NASHVILLE, Tenn. (WKRN) – If you’re planning to upgrade and get that new car you’ve been eyeing, it may be harder than you think. A microchip shortage is causing big problems, and it could affect how much money you’re spending on your dream car.
“It’s kind of thrown everyone into a tizzy,” said Marty Horn, Operations Manager at Wyatt Johnson Ford Dealership in Nashville.
The tiny components are causing a big problem for people looking to buy a new vehicle. Horn says the business can’t keep up with the demand. The microchip shortage is now forcing some buyers to walk away empty-handed.
“It kind of puts them on the back-burner; there’s not a lot we can do about it,” Horn said.
In just one car, you could find more than 3,000 microchips in everything from the engine to the steering wheel, if the device used to remotely lock and unlock your car.
“Anything in a new vehicle is affected.
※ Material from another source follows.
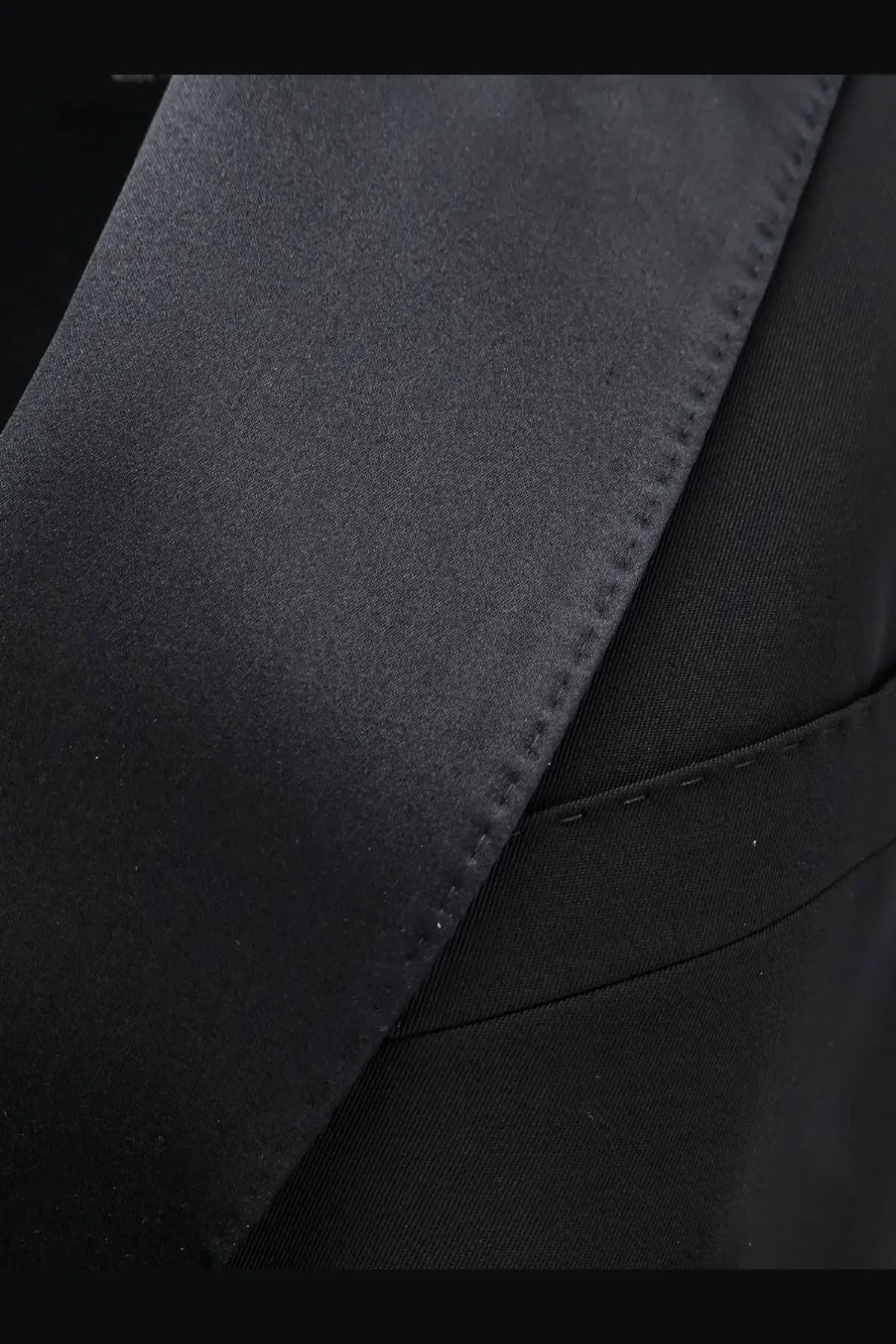 Black satin lapel with precise stitching and glossy finish on Dolce &amp; Gabbana women’s virgin wool and silk tuxedo vest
I’ve got them ordered, but I can’t get them built, not right now,” Horn said.
According to Horn this time last year, he would typically have at least 300 new cars ready for sale; now he says he’s looking at less than 75. He says the biggest problem has to do with new vehicles compared to used ones.
Horn says to take Ford for example. The company now has thousands of cars ready to go home with waiting customers, but they will continue to sit in the parking lot until the microchips are put in them.
“As far as you can see would be new cars, and it’s not right now because we just don’t have the inventory,” Horn explained.
He also said if you do happen to find a new vehicle for sale, prepare to pay more. With newer models being scarce, dealerships have had to raise the price.
Another effect of the microchip shortage is that more companies are looking for ways to keep customers in their cars. Some are now offering incentive programs and allowing drivers to extend their lease terms until newer vehicles hit the market.
Horn is optimistic the market will come back; it’s just a matter of when. Dealers expect inventory to be back up by the end of the year.